Re: timeout option needed for ipv6 even in squid-3.4.6?

Amos Jeffries <squid3@xxxxxxxxxxxxx> · Mon, 28 Jul 2014 16:58:34 +1200

On 28/07/2014 10:35 a.m., Jason Haar wrote:
> Hi there
> 
> I'm seeing a reliability issue with squid-3.1.10 through 3.4.6 accessing
> ipv6 sites.
> 
> The root cause is that the ipv6 "Internet" is still a lot less reliable
> than the ipv4 "Internet". Lots of sites seem to have a "flappy"
> relationship with ipv6 which is not reflected in their ipv4 realm. This
> of course has nothing to do with squid directly - but impacts it
> 
> So the issue I'm seeing is going to some websites that have both ipv6
> and ipv4 addresses, ipv6 "working" (ie no immediate "no route" type
> errors), but when squid tries to connect to the ipv6 address first, it
> hangs so long on "down" sites that it times out and never gets around to
> trying the working ipv4 address. It also doesn't appear to remember the
> issue, so that it continues to be down (ie the ipv6 address that is down
> for a website isn't cached to stop squid going there again [for a
> timeframe])
> 
> Shouldn't squid just treat all ipv6 and ipv4 addresses assigned to a DNS
> name in a "round robin" fashion, keeping track of which ones are
> working? (I think it already does that with ipv4, I guess it isn't with
> ipv6?). As per Subject line, I suspect squid needs a ipv6 timeout that
> is shorter than the overall timeout, so that it will fallback on ipv4?
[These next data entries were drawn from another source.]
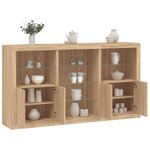 vidaXL Buffet avec lumières LED chêne sonoma 181 5x37x100 cm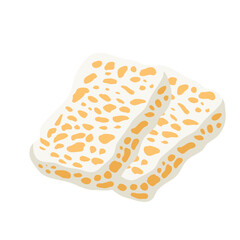 Delicious Traditional Indonesian Food Tempeh Soybean Vector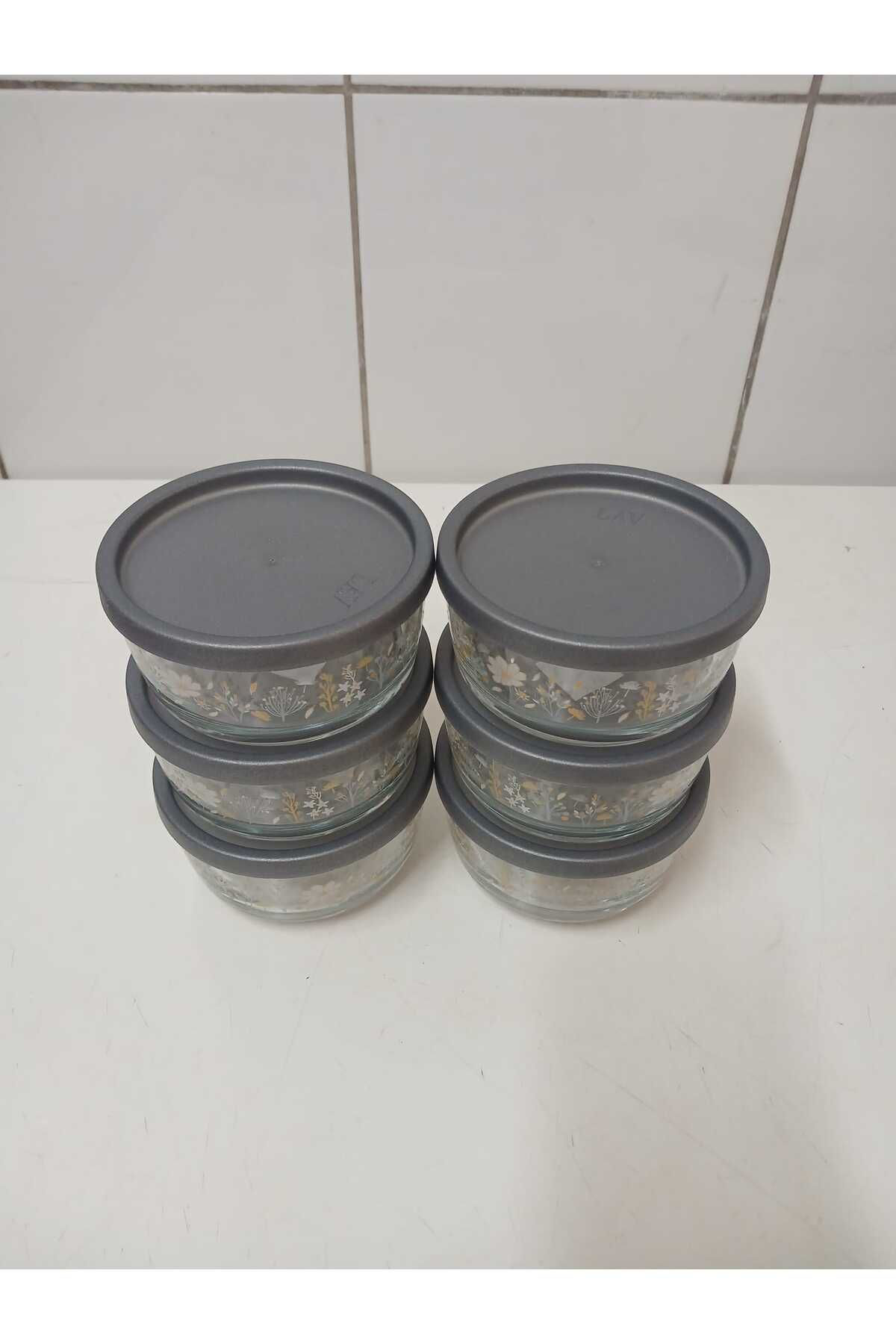 Lav Feyzade Round Saklama Kabi (380 Cc X 6 Adet) Antrasit Kapakli Çiç
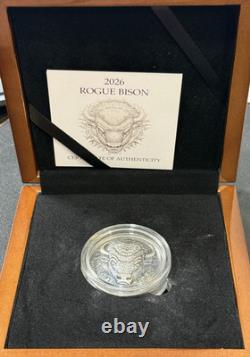 2026 2 Oz. 999 Silver Ascension Island Rogue Bison UHR Antiqued Coin WithDisplay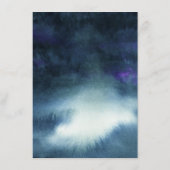 Marine Blauw Zilver Bruiloft Details Informatiekaartje (Achterkant)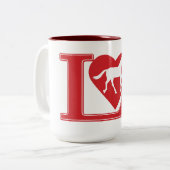 Ik hou van paarden, liefdespaarden tweekleurige koffiemok (Voorkant links)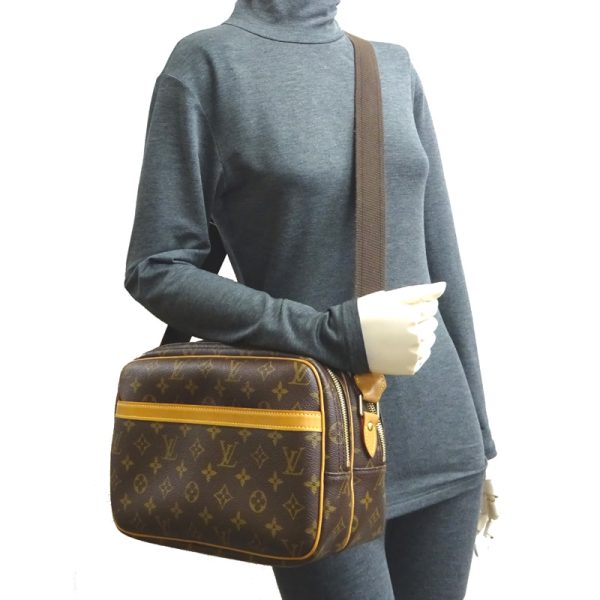 dh79410 8 Louis Vuitton Reporter PM Monogram Shoulder Bag Brown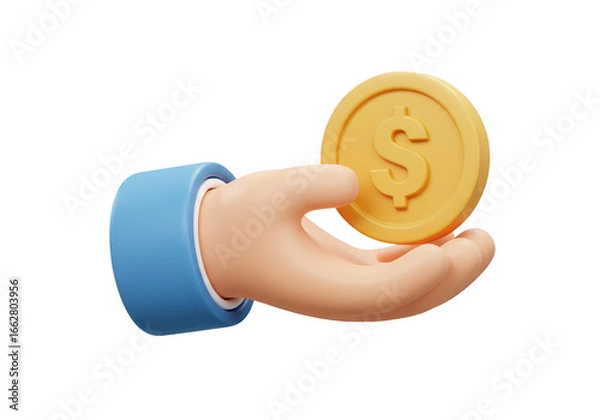 Fototapeta 3d hand holding a gold coin with dollar symbol, isolated on transparent background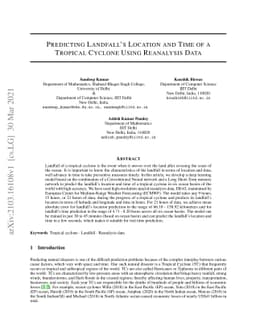 Predicting Landfall's Location and Time of a Tropical Cyclone Using
  Reanalysis Data
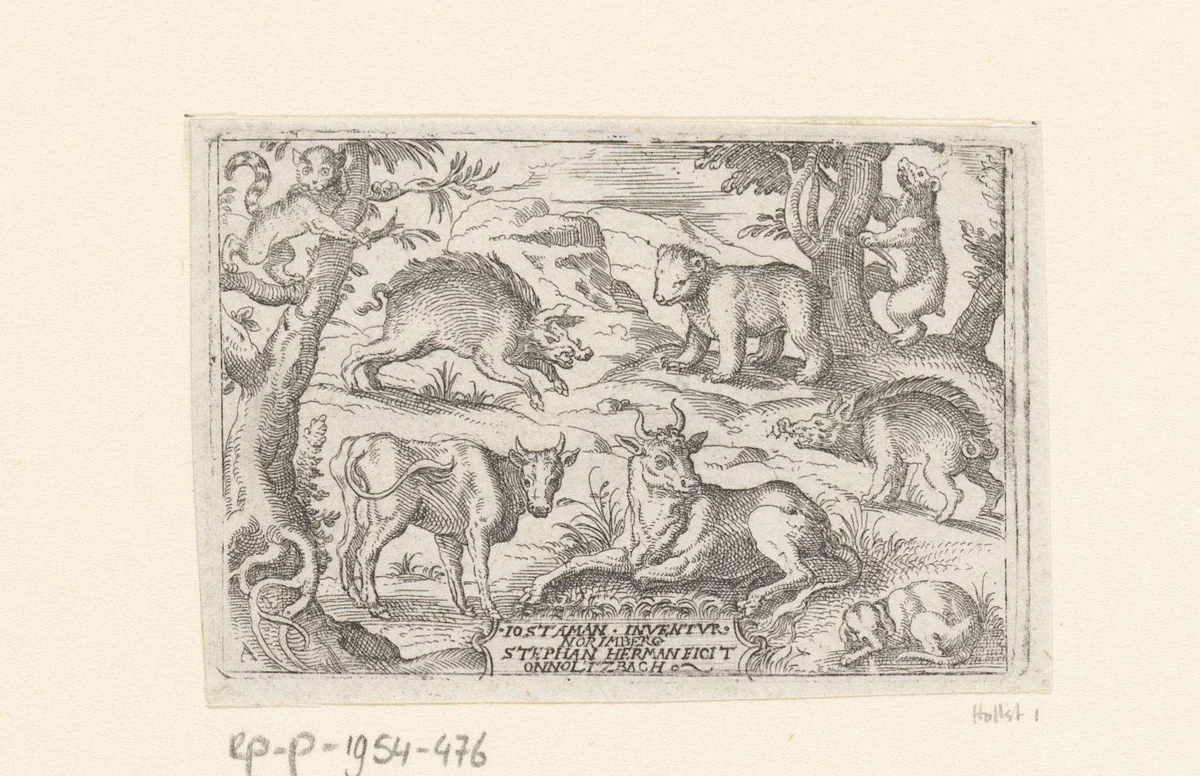 Twee koeien, twee varkens, twee beren, een hond en een kat by Unknown, print, 1578-1596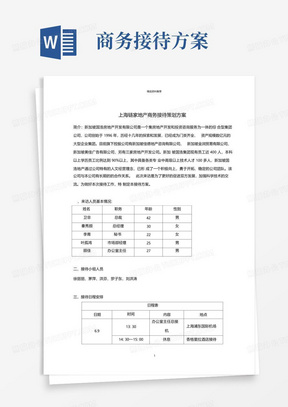 上海链家地产商务接待策划方案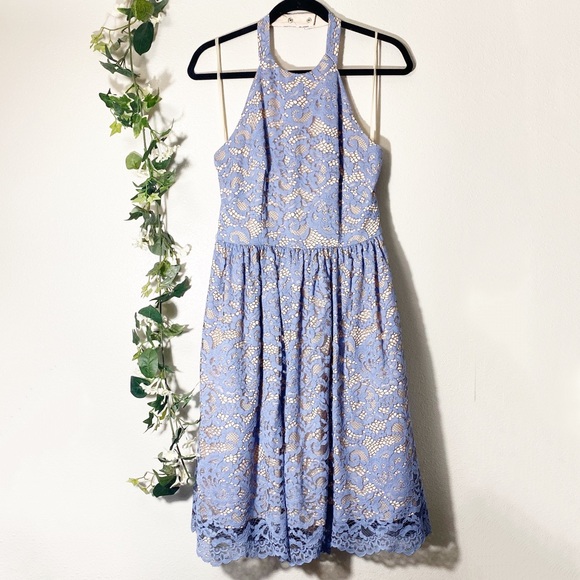Eliza J Light Blue Lace Halter Fit & Flare Dress - Picture 2 of 7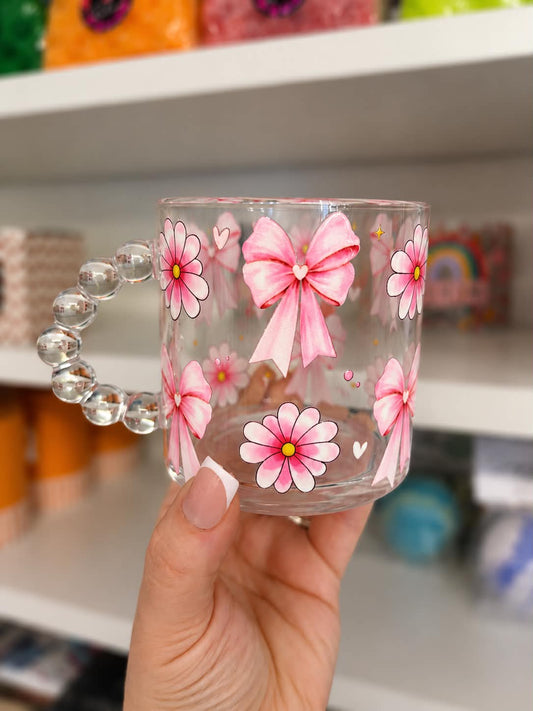 Pink Daisy & Bows Glass Tea Cup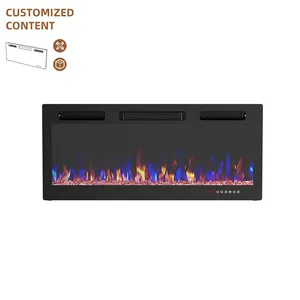 36"42"50"60"70" Wire Heating 750w 1500w Indoor Bedroom Space Warming Electric Stove Wall Mounted Insert Fireplace Fire Place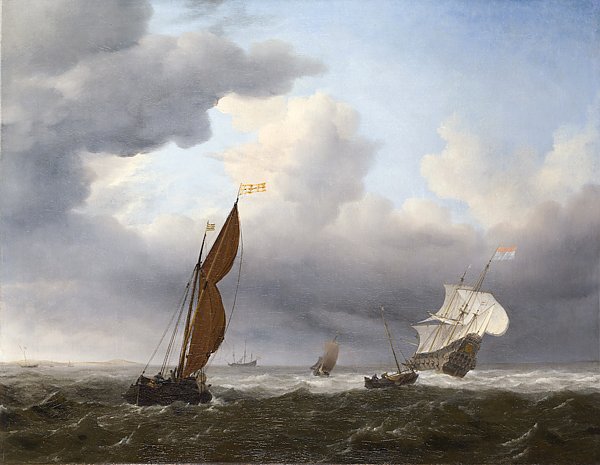 Голландский корабль и другие лодки в бриз
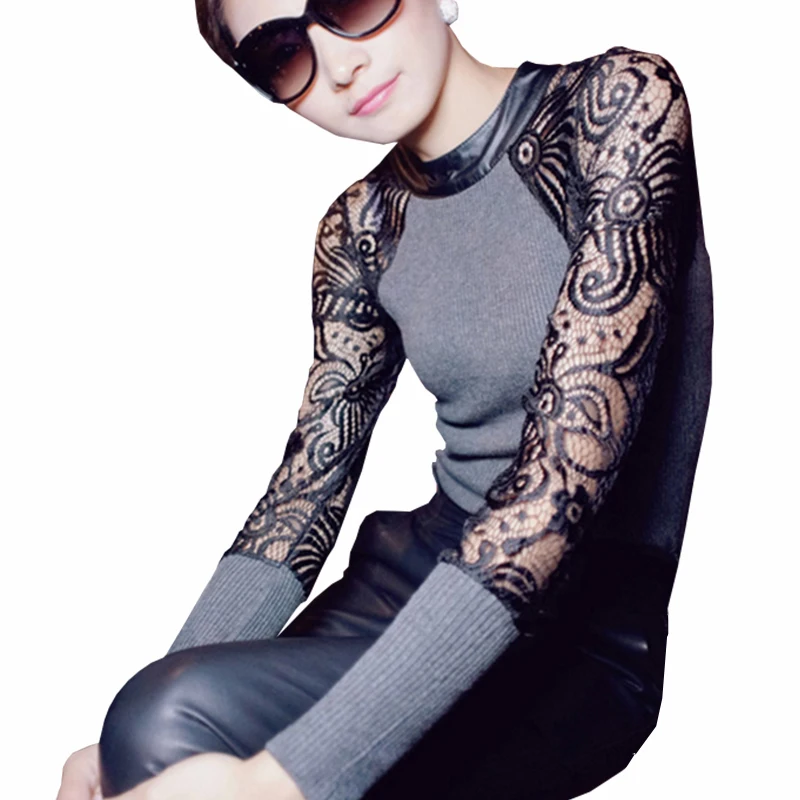 Трикотажная кружевная блузка в стиле пэчворк женская одежда новинка сезона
No. round-robin IP connections from a proxy cause more problems than
they solve. HTTP multiplexing / persistent connections, DNS behaviours,
browser "happy eyeballs" algorithm are all involved or affected by the
IP selection. A lot of applications use stateful sessions in the
assumption that browser once found an IP will stick with it, so the best
thing for Squid to do is the same.

An IP is just an IP, regardless of version. Connectivity issues happen
just as often in IPv4 as in IPv6 (more so when "carrier grade" NAT gets
involved). The only special treatment IPv6 gets is sorting first by
default ("dns_v4_first on" can change that) since 79% of networks today
apparently have IPv6 connectivity operating faster by at least a 1ms
than IPv4. It also avoids a bunch of potential issues with NAT and other
IPv4-only middleware.

Squid already does cache IP connectivity results. The problems are
firstly, whenever DNS supplies new or updated IP information the connect
tests have to be retried. Connection issues are quite commone even in
IPv4 and usually temporary. Secondly that Squid timeouts (below) are not
by default set to the right values to make the sites you noticed work
very well.

There are several limits which you can set in Squid to speed up or slow
down the whole process:

 dns_timeout - for how long Squid will wait for DNS results. The default
here is 30 seconds. If your DNS servers are highly reliable you can set
that lower.
 ** If the problems sites are taking a long time to respond to AAAA
queries this will greatly affect eth connection time. Setting this down
closer to 10 sec can help for specific sites with fully broken DNS
servers, but harms others which merely have slow DNS servers. YMMV, but
I recommen checking the AAAA lookup speed for your specific problem
sites before changing this.

 connect_timeout - for how long Squid waits for TCP SYN/SYN-ACK
handshake to occur. The default here is a full minute. What you set this
to depends on the Squid series:
 * In 3.1 and older this covered DNS lookup and a TCP handshakes for
each IP address found by DNS. In these versions you increase the timeout
to get better IPv6 failover behaviour.
 * In 3.2 and later this covers only one TCP handshake. In these
versions you *decrease* it to improve performance. You can safely set it
to a few seconds, but be aware of your Squid machines networking stack
behaviour regarding TCP protocol retries and timeouts to determine what
values will help or hurt [1]

 forward_max_retries - how many times Squid will attempt a full connect
cycle (one connect_timeout). Default in stable releases is 10, squid-3.5
release is bumping this up to 25. What you set this to depends on the
Squid series again, but as a side effect of connect_timeout changes. In
all versions you can get better connectivity by increasing the value.
For several of teh top-ten websites 25 is practically required just to
get past the many IPv6 addresses they advertise and attempt any IPv4.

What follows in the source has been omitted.